Winery Restaurants
Times have indeed changed since a trip to the vineyards meant a packed lunch or tasting wine on an empty stomach. Back when cellar doors were literally just that, perhaps equipped with a tasting bench, dirt floor and an old refrigerator, you would no more think of dining at a winery than you would ask them to sell you a hi-fi. Which didn’t make a lot of sense, given the obvious association between wine and food.
Think of all the reasons why there should be more winery restaurants. Once inside, you’re a captive audience. If you enjoy the experience, there’s no chance you will keep it to yourself. You’re a convert for life, a living, breathing word-of-mouth marketing tool. If you accept a long-held view of mine that wine always tastes better when you taste it where it was made – often in earthy, atmospheric surrounds, with a salt-of-the-earth winemaker and while you’re so full of the milk of human warmth and kindness you’re likely to explode – imagine how good it is to taste wine grown and made on the property which also created the food you’re enjoying it with? Could wine ever have a better showcase?

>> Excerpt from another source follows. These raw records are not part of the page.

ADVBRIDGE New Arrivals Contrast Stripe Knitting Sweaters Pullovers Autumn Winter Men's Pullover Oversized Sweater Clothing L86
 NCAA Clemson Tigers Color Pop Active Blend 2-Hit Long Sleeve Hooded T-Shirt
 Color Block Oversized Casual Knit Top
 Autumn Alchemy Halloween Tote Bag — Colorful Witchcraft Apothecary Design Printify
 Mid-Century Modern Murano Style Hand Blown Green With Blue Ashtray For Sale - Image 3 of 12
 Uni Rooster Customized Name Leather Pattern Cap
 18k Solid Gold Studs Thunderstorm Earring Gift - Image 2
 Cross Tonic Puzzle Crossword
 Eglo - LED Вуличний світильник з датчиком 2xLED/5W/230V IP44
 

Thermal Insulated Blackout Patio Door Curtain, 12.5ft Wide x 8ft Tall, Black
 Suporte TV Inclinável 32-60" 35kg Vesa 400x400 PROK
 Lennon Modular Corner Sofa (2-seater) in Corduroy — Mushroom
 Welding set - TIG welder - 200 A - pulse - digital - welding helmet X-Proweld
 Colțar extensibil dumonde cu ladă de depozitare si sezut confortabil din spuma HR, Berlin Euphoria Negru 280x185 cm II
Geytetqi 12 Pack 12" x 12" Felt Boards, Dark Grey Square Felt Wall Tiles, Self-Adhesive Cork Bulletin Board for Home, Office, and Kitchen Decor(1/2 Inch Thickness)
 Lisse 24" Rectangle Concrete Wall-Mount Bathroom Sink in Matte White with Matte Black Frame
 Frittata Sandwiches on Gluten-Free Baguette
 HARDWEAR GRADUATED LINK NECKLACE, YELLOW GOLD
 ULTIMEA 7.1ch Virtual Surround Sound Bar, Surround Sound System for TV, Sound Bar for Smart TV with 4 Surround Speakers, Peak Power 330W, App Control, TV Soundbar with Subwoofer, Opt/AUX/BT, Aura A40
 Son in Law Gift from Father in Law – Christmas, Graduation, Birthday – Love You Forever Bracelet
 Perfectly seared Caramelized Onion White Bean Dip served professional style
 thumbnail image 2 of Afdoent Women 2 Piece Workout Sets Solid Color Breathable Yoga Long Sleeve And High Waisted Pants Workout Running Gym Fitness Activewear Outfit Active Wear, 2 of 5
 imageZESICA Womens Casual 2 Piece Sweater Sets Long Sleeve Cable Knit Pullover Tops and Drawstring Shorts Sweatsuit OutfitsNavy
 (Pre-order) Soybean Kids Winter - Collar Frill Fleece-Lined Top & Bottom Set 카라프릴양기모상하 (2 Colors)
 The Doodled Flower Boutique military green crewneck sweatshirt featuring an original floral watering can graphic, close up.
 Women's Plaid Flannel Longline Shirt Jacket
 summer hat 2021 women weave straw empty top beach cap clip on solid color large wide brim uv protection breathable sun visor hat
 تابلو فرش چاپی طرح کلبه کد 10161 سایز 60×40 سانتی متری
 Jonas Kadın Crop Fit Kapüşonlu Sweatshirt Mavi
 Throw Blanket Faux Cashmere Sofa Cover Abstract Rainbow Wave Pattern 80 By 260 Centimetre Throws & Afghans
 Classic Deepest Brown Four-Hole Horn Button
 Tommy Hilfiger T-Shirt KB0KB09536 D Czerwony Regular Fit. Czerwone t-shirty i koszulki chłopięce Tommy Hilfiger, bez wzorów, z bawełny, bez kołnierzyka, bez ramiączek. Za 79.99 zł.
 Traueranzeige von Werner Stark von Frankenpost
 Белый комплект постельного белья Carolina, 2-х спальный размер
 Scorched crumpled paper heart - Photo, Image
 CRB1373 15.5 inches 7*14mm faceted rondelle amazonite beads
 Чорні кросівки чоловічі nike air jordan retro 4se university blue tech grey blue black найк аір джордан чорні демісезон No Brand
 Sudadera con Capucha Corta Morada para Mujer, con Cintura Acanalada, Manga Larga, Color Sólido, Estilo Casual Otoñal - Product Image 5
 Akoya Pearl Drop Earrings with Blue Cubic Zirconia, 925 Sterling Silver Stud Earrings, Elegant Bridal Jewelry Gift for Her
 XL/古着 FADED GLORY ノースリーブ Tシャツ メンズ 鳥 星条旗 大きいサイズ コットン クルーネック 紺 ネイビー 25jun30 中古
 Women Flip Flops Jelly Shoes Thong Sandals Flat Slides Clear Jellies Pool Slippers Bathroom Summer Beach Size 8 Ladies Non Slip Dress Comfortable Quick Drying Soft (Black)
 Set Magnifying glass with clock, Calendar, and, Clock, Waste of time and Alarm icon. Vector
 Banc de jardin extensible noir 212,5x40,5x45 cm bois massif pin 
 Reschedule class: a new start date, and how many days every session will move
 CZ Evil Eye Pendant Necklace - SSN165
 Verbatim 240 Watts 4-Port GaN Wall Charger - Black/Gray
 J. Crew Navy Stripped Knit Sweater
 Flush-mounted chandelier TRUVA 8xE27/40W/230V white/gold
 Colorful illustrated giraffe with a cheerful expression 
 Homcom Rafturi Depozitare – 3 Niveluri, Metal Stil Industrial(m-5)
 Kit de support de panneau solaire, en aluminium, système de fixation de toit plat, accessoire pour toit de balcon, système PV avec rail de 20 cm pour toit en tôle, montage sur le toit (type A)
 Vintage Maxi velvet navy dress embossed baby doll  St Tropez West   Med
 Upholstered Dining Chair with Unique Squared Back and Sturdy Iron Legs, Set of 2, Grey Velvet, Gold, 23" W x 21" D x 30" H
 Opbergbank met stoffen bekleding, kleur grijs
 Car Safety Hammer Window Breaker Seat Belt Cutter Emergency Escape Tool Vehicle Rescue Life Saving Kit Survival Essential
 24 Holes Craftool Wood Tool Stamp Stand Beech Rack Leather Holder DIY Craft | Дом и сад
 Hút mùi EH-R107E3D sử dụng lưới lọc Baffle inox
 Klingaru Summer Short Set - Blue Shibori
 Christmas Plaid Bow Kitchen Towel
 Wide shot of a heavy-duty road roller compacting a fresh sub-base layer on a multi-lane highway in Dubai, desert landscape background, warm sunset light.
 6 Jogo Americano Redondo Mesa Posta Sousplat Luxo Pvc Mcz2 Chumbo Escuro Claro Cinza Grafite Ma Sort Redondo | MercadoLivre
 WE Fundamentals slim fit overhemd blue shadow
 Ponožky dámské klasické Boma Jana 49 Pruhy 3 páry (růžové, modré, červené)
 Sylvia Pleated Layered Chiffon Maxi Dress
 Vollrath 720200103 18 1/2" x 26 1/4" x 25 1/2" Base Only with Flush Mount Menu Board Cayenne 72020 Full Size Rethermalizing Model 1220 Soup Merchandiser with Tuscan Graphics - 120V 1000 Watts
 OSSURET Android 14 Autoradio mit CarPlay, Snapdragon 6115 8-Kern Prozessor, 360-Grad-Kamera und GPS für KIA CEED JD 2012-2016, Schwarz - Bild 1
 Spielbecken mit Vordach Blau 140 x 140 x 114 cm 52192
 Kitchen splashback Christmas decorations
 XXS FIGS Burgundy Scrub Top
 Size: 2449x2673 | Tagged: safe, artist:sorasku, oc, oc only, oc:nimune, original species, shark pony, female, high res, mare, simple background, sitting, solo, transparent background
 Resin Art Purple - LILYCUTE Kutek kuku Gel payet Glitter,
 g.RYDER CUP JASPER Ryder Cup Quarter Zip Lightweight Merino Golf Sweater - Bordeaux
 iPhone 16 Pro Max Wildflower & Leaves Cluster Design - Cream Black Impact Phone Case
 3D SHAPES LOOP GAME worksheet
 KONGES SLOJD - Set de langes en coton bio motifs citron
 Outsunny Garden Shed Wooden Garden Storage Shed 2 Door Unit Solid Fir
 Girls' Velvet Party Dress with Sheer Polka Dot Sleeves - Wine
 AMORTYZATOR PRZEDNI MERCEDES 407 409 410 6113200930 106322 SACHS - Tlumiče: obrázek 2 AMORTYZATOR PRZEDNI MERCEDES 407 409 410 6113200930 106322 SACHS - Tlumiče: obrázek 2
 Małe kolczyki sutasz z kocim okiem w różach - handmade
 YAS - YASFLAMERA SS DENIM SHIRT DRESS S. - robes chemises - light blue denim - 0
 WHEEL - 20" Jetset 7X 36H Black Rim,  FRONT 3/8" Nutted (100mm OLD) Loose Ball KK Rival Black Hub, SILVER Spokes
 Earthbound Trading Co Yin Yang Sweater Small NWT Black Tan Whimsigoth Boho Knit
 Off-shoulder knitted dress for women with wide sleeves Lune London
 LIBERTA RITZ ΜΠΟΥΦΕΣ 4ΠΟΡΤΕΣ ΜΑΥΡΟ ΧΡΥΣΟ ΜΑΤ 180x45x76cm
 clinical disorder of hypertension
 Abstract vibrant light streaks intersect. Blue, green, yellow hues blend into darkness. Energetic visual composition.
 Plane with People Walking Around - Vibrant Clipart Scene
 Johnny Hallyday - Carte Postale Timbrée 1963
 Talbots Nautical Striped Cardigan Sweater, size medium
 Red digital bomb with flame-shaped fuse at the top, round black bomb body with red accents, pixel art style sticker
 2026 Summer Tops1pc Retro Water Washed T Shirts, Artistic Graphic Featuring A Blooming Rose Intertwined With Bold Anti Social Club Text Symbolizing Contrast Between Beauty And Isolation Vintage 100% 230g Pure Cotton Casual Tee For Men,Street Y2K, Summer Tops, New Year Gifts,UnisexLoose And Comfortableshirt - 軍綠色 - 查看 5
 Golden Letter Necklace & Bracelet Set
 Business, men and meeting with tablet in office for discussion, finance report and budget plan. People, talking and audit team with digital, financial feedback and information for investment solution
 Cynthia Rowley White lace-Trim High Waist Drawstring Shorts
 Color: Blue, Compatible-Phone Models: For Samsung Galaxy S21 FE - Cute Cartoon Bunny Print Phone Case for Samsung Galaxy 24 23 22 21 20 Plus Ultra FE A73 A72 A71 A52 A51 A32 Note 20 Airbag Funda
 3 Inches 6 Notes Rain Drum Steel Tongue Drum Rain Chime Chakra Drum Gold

Winery restaurants offer a special, rare opportunity for wine producers to enjoy their wares the way they think they should be. It’s sometimes the nearest thing to being invited to their own dining table.
The winery restaurants which do it best don’t lose sight of that. They are structured to provide an experience as special with wine as they do with food. Winery restaurants are not simply restaurants relocated from the city rat-race. Their patrons are entitled to a special wine experience. It might be an opportunity to taste wines unavailable elsewhere with people able to explain and describe them. It might simply be atmospheric, whether inside an historic winery space or overlooking the owner’s vineyard. Most importantly, their patrons should never be able to forget where they are.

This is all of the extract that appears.